Us sitting by the falls
Pongour Falls is 50 km from Dalat—-a rather uninteresting ride repeating 30 km of the highway we were on for the Chicken Village. The street got crowded as we went through a town. I worried maybe there was a road we should turn off somewhere since the only directions we had were to go down the road to Saigon.
We stopped and asked a man. First he pointed back where we came from (there had been a turn off to some different falls). Then he seemed to change his mind and pointed the other way giving detailed directions (or what was assumed were detailed directions in Vietnamese. He drew a map-- 500 meters to a paved road on the right (pointed to a pavement and stomped showing it was hard). The falls were 6 km up that road. I thanked him in Vietnamese and he gave us a big smile. The turn off was probably more than 500 meters but aside from that his directions were perfect. There was also a big sign pointing the way-- a pleasant surprise.
The road became quiet and rural with fields on either side and a section covered with cow shit. We wondered if they kept the cows on the road at night.
The falls had no concrete sculptures to our relief. A forested path led past souvenir stalls and little cafes--though all pretty dead-- down to the falls.

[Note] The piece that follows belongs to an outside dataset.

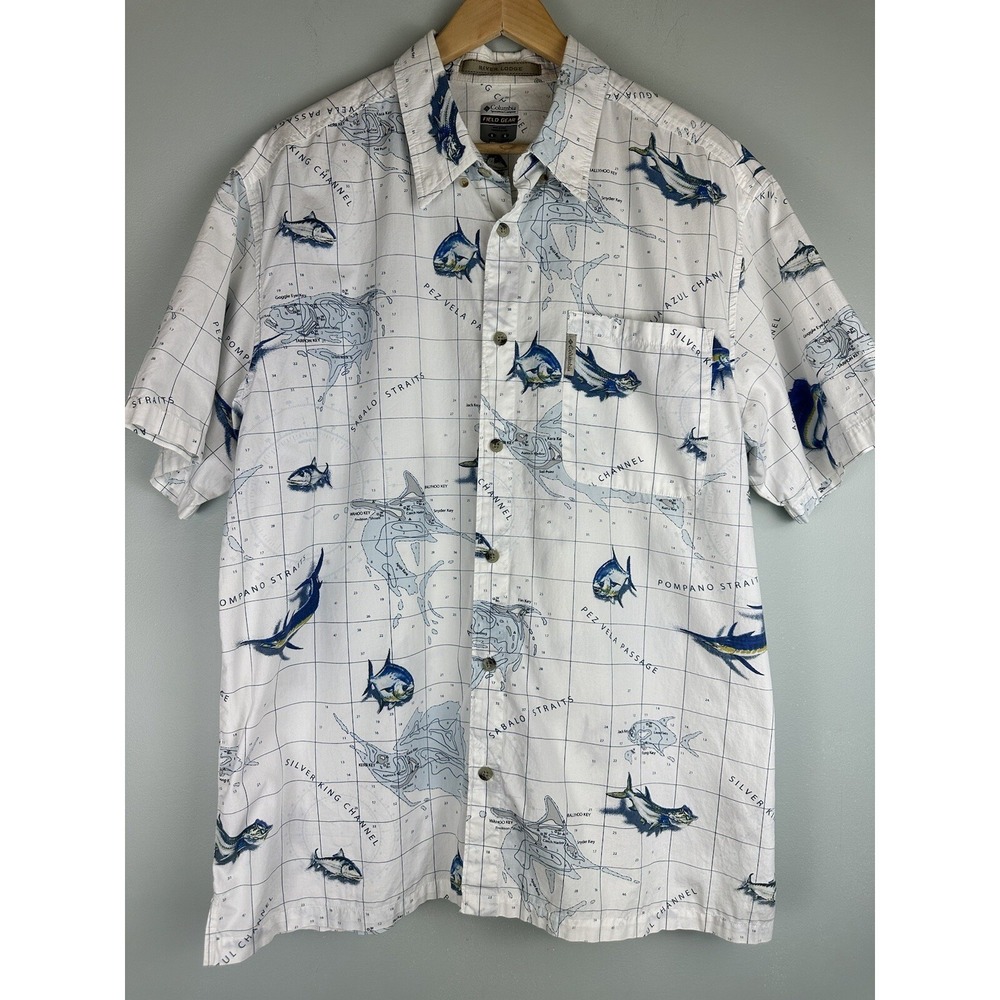 Columbia Field Gear River Lodge Short Sleeve Button Up Fish Print Shirt Large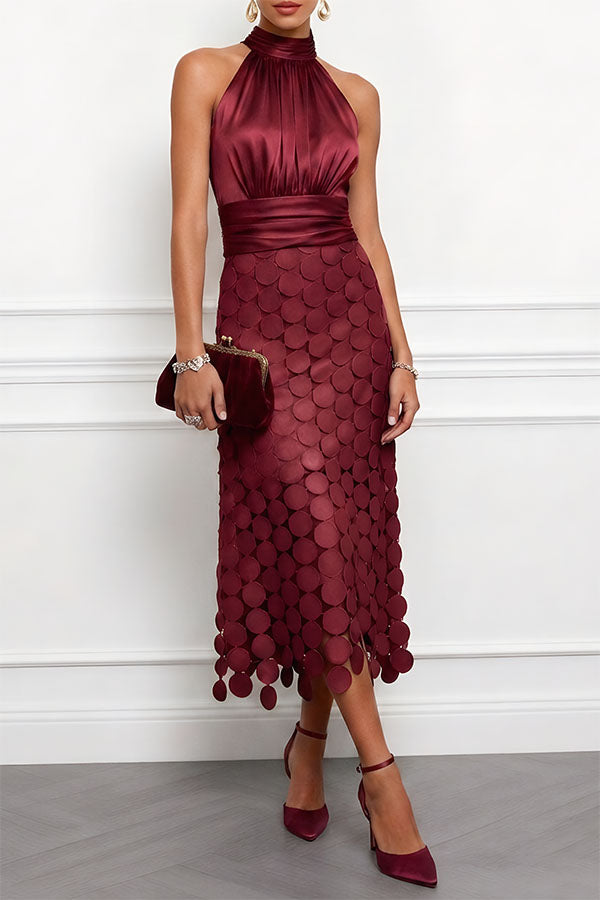 Pilar | Vestido Midi de Lunares con Cuello Halter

It was so empty I began wondering if the falls were there. I'd heard they were greatly reduced during the dry season-- maybe they were completely dry. A woman beckoned us to look at the view from her cafe. It looked down to a patch of river between hills but we didn't see any waterfalls.
As we approached the end of the trail, we heard the sound of a falls but not one as big as the photos. Pongour is the largest falls in the region. The falls were, due to the dry season, made up of two falls: one wide and cascading down terraces of rock and a narrow falls on the other side. Between the two were more rock terraces which during the rainy season would be covered with rushing water connecting the 2 falls into one huge one.
Section of Pongour Falls
It was a peaceful spot (with the exception of a loud group of young people banging drums and singing). The falls formed a pool that fluctuated between emerald and olive. The air felt hot and dry, though a bit of rain soon followed.
As we headed back up the path, Rowshan commented that the group was behaving like the Island of Yum-Yums.
“What?” I asked.
“Don't you know what a Yum-Yum is in Turkish?” he asked.
“People who eat other people”
We stopped at the view cafe and had delicious coffee with milk. The view had the added benefit of birds-- green, blue, yellow, and black zipping between the trees and calling out their songs. The hills rose green beyond the river and a tree with flowers like cotton candy added a touch of pink.
View of the river valley from a cafe
We headed back stopping to look at a view of the other falls from the busy town. We fondly watched for the chicken statue from the highway and chanted, “Chicken! Chicken!” when we saw it. Rowshan commented how it was so much better than just having bunches of political figure statues.